Two thirds of local authorities said they were are unable to carry out necessary repairs to bring roads back to the condition they were in at the start of last winter.
This has left a fifth per cent of the country’s roads in need or urgent repair within the next five years, which will cost an estimated £10 billion.
The repairs have been hampered by cuts to local authority budgets which have left councils in England and Wales with an £800million funding gap.
The Asphalt Industry Alliance, which conducted the survey, said the additional Government funding of £200 million to help councils, although welcome, "has proven woefully inadequate".
Earlier this week all-party Public Accounts Committee warned that cuts to the highway maintenance budget could end up costing the taxpayer more as roads deteriorate.
It estimated that the Highways Agency alone, which is responsible for only 10 per cent of the roads network, had to pay £2.5 million compensation in a year for vehicle damage and personal injuries.
According to the Alliance, which represents companies who repair and resurface roads, said councils filled in 1.7million potholes last year.
The alliance estimated that the cold winter of 2010-11 caused £600 million damage to the country’s roads.

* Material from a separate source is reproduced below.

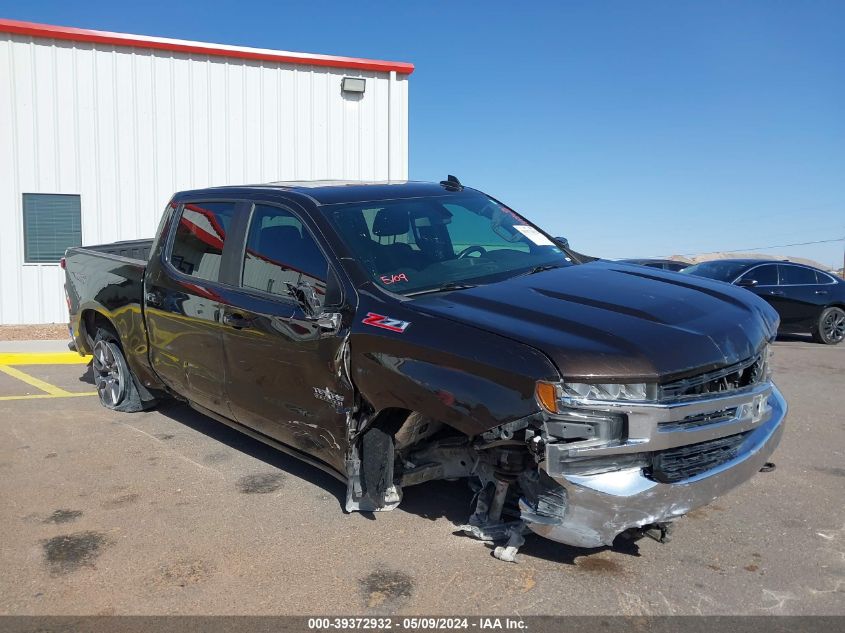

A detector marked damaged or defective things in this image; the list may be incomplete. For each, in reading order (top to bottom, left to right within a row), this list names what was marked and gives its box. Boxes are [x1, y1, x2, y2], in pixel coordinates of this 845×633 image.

damaged pickup truck [64, 177, 784, 556]
crumpled front bumper [516, 380, 788, 548]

Edmund King, the President of the AA, said: "Our members are very concerned at this pothole plague. This deterioration [is happening] is despite councils working hard to keep pace to reduce the backlog using the extra cash allocated by the Department for Transport.

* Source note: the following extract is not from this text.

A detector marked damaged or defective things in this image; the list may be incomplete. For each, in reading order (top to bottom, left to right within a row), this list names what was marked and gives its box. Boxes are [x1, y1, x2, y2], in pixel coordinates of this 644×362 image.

“The survey once again shows that potholes blight our roads and are as much about lack of investment in proper road repairs as they are about bad winters and heavy traffic.

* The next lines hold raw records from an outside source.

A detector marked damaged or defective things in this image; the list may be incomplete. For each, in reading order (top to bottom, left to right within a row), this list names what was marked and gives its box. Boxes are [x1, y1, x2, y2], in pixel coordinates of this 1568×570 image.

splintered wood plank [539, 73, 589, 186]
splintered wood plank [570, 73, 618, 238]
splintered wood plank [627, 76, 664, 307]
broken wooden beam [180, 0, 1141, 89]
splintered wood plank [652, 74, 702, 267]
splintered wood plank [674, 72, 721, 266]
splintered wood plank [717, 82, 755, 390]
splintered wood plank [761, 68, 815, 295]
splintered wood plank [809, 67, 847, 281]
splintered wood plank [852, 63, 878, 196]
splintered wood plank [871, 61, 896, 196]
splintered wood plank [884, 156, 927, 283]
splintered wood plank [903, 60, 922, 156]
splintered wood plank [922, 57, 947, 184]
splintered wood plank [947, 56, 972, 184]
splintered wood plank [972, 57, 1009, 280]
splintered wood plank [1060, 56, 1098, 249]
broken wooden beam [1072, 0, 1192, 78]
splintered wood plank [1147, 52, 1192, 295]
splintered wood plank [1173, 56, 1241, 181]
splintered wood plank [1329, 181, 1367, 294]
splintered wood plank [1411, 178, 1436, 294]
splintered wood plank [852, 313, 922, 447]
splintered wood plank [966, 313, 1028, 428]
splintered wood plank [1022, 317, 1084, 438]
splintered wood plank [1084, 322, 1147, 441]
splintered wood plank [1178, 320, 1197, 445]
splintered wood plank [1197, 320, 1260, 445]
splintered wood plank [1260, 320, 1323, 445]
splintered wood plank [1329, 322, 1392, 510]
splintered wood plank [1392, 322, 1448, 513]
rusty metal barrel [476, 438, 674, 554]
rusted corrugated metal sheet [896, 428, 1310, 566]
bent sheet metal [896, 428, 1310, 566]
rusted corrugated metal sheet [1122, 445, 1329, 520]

“We need a new approach to stop this vicious circle of decline which causes danger to all road users, particularly those on two wheels, and expensive damage to vehicles.”
Peter Box, chairman of the Local Government Association’s Economy ad Transport Board, accused the Coalition of failing to provide enough money to tackle the problem.
“Councils are currently stuck in the position of chasing their tails, repeatedly patching up a deteriorating network rather then fixing it properly,” he said.
“What is needed from central government is a serious commitment to funding an upgrade of the entire road network. This will save billions of pounds in the long term and make roads safer for motorists.”
Norman Baker, the local transport minister, defended the Government’s record.
“I recognise there is an ongoing need for highways maintenance that can’t be fixed overnight,,” he said.
“However we are providing £3 billion to councils for road maintenance between 2011 and 2015 which is more in cash terms than the previous 4 years - as well as investing £6m for longer term strategies. We also gave them generous windfall handouts last year following the severe winter which caused major problems.”